Dönemin Almanya İçişleri Bakanı Manfred Kanther’in 1993’teki kararıyla PKK için dernek kurma ve faaliyet gösterme yasağı yürürlüğe girdi. Karar sonrası Kürt toplumuna yönelik kriminalizasyon politikalarına başlandı. Kürt derneklerinin kapısına kilit vuruldu, Kürdistanlılar gözaltına alınıp yargılandı. PKK yasağının oluşturduğu hukuksal karadelik nedeniyle katledilen Kürt için bile etkili soruşturma yürütülmedi.
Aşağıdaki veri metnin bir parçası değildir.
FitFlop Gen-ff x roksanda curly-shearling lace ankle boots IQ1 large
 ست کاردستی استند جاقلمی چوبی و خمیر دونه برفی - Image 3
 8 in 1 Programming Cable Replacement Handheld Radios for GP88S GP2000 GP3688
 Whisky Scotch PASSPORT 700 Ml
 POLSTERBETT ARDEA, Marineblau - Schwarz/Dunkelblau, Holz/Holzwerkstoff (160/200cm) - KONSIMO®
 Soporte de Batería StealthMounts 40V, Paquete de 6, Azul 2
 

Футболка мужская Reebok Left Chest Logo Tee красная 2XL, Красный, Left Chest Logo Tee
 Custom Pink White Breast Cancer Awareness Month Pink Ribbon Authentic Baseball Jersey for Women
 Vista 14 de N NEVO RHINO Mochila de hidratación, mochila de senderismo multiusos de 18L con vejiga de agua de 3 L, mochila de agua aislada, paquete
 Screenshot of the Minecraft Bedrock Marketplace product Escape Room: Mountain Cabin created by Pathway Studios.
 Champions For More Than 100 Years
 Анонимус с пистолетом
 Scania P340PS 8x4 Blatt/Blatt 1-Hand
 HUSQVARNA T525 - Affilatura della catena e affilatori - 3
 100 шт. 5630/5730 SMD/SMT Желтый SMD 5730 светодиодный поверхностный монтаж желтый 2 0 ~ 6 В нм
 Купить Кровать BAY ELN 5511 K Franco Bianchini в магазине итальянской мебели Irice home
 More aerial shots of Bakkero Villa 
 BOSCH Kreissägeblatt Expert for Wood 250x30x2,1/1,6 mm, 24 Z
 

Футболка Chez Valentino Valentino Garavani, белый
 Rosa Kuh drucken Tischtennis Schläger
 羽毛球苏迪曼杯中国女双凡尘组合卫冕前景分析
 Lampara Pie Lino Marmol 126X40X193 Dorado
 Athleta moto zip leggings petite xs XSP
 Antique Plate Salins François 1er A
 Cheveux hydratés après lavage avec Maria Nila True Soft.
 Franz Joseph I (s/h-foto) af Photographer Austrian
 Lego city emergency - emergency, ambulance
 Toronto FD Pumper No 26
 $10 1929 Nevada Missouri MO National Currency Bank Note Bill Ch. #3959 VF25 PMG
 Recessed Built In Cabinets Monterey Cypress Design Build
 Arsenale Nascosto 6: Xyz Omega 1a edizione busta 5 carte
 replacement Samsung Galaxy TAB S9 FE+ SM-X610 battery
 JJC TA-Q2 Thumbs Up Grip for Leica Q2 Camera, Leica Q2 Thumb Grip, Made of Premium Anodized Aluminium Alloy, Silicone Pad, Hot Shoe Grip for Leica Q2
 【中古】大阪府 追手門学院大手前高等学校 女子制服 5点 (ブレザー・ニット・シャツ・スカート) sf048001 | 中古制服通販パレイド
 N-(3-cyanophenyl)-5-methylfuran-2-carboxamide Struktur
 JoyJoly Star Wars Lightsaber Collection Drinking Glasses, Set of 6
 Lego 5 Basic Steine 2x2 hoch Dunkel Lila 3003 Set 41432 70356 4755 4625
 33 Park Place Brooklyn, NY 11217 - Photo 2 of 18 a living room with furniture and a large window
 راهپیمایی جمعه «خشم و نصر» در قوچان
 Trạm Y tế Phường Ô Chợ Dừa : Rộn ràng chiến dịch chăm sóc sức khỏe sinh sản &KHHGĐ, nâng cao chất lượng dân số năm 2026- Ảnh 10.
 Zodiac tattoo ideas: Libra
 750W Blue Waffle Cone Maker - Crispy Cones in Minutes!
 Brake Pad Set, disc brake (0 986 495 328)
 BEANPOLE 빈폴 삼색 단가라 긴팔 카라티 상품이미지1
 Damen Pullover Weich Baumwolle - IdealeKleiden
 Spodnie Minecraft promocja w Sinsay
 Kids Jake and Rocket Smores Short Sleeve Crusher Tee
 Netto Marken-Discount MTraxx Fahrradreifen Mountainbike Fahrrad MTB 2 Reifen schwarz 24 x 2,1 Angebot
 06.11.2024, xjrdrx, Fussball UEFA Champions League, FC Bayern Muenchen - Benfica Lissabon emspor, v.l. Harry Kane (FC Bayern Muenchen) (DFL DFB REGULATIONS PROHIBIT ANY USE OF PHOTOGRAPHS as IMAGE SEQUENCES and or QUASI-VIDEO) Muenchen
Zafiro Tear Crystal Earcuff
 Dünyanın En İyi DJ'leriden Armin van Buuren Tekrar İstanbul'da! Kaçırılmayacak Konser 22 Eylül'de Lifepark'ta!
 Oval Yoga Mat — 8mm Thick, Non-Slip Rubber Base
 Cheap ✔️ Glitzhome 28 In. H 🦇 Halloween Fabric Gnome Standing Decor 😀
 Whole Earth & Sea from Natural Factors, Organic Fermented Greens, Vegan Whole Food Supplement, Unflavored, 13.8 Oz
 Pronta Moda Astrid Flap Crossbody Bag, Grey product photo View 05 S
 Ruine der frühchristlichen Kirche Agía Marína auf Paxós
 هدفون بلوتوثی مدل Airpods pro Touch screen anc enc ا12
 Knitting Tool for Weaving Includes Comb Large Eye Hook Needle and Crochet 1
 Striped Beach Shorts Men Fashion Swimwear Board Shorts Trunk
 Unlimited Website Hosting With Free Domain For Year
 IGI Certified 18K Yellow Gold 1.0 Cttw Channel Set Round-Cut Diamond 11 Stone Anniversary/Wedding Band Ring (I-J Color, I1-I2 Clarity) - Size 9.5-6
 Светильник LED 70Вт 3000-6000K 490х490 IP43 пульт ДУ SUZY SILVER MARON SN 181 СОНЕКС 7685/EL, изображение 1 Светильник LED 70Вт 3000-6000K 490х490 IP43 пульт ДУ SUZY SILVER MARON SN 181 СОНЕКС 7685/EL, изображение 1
PKK, 5-7 Mayıs 2025’te yaptığı 12. Kongresi ile kendini feshetmesine rağmen Almanya’daki yasak ve bu yasağın öngördüğü uygulamalar devam ediyor.
Kürt toplumunu her açıdan etkiliyor
ANF’ye konuşan KON-MED Eşbaşkanı Ruken Akça, 32 yıldır yürürlükte bulunan PKK yasağının, bu ülkede yaşayan geniş Kürt toplumunu siyasal, kültürel ve toplumsal açıdan etkileyen önemli bir düzenleme olduğunu hatırlattı. Eşbaşkan Akça, “Avrupa’nın demokratik değerleri, ifade özgürlüğü standartları ve toplumsal barışa yönelik yaklaşımı, mevcut uygulamaların güncel koşullar ışığında yeniden değerlendirilmesini gerekli kılmaktadır” dedi.
Güçlü bir toplumsal beklenti var
Almanya’daki yasak kararının 1993’teki dayanaklarının artık kalmadığını; güncel gerçekliğin görülmesi gerektiğini belirten Ruken Akça, şunları söyledi:
“Özellikle 27 Şubat 2025’te Kürt Halk Önderi Abdullah Öcalan’ın Barış ve Demokratik Toplum Çağrısı, ertesinde PKK’nin fesih ilanı, sonrasında ise silah yakması, Federal Almanya Hükümeti tarafından pozitif karşılandı. Dışişleri Bakanlığı bu süreçte daima pozitif ve destekleyici açıklamalarda bulundu. Bu gelişmeler, Almanya’daki mevcut yasağın hukuki dayanaklarının, güncel gerçeklik ve siyasal ortam çerçevesinde yeniden incelenmesi gerektiği yönünde güçlü bir toplumsal beklenti oluşturdu.”
Diyalog ve çözüm perspektifleri
Eşbaşkanı Ruken Akça, Almanya’da yaklaşık 2 milyon Kürt’ün yaşadığını; Kürt toplumunun, Almanya’nın demokratik kurumlarına, hukuk devletine ve çoğulculuk anlayışına büyük değer verdiğini hatırlattı. Bu nedenle demokratik taleplerin kriminalize edilmesinin değil, diyalog ve çözüm perspektiflerinin öne çıkarılmasının tüm topluma fayda sağlayacağına inandığının altını çizen Ruken Akça, “Kürt toplumu Almanya’nın bir parçasıdır” dedi.